What if you saw this headline in tomorrow’s newspaper:
Doctors Discover Disease Affecting 1,500 Pastors A Month!
Would you read it? Would you be concerned? Would you take action in order to prevent contracting the disease yourself?
Of course you would.
Substitute the word burnout for disease. Does the headline now seem as urgent or even newsworthy? Maybe not so much.
Yet, burnout is a disease. A disease that is taking a huge toll on leadership in the church.
So what, exactly, is burnout. Is there a clear definition? According to Merriam-Webster Dictionary burnout is exhaustion of physical or emotional strength or motivation usually as a result of prolonged stress or frustration.
Stress or frustration in the church? Seriously? Yes, seriously!
Consider the following statistics:
– 40% of pastors and 47% of spouses are suffering from burnout, frantic schedules, and/or unrealistic expectations.
– 45% of pastors’ wives say the greatest danger to them and their family is physical, emotional, mental, and spiritual burnout.
Everyone who has been involved in ministry of some sort has experienced periods of stress or frustration. That’s just how it is in life and in ministry. However, feeling frustrated is a far cry from exhaustion. Burnout involves not only physical and emotional exhaustion, but mental and spiritual exhaustion as well. Exhaustion caused by prolonged stress or frustration.
What could possibly cause prolonged stress or frustration in the life of a pastor?
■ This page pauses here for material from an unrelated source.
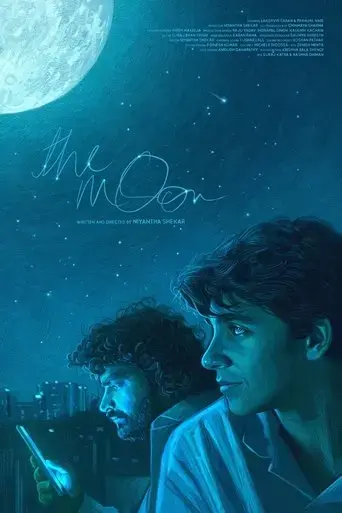 the-moon-2024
After all, he is getting paid to simply read his Bible and prepare for next Sunday’s sermon, right?
According to PastorBurnout.com, an entire website dedicated to the subject, there are at least 53 causes of pastor burnout. These causes encompass administrative, family, expectations, financial, conflict, sin, self-perception, theological, psychological, spiritual, schedule, and health issues. You can read the entire article here.
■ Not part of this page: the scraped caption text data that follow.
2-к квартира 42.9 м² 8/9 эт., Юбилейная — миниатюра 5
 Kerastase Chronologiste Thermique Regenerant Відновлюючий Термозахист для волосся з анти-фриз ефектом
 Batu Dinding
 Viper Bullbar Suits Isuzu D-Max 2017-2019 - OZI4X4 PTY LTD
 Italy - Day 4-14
Even the New York Times has something to say about the subject of pastor burnout.
“Members of the clergy now suffer from obesity, hypertension and depression at rates higher than most Americans. In the last decade, their use of antidepressants has risen, while their life expectancy has fallen. Many would change jobs if they could.” (read the article here)
Now that we’ve established there is a pervasive problem, what are the symptoms? How do you know if you are experiencing burnout?
Here is a list of a few common symptoms:
Weight gain or loss.
Loss of creativity.
Negative attitude toward yourself and others.
Dread of going to work.
If you would like to read more, I suggest clicking on these two articles, Anorexia of the Soul: A Burnout Checklist for Pastors.
And Symptoms of Burnout.
There is good news, however! We can experience healing of burnout. There are some very practical and concrete steps we can take to get back to a place of health and to avoid burnout in the future. The first step is to acknowledge there is a problem. I will discuss additional action steps in my next post.
I’ll leave you with these words from a beloved hymn that reminds us that we are not alone:
Though Satan should buffet, though trials should come,
Let this blest assurance control,
That Christ has regarded my helpless estate,
And hath shed His own blood for my soul.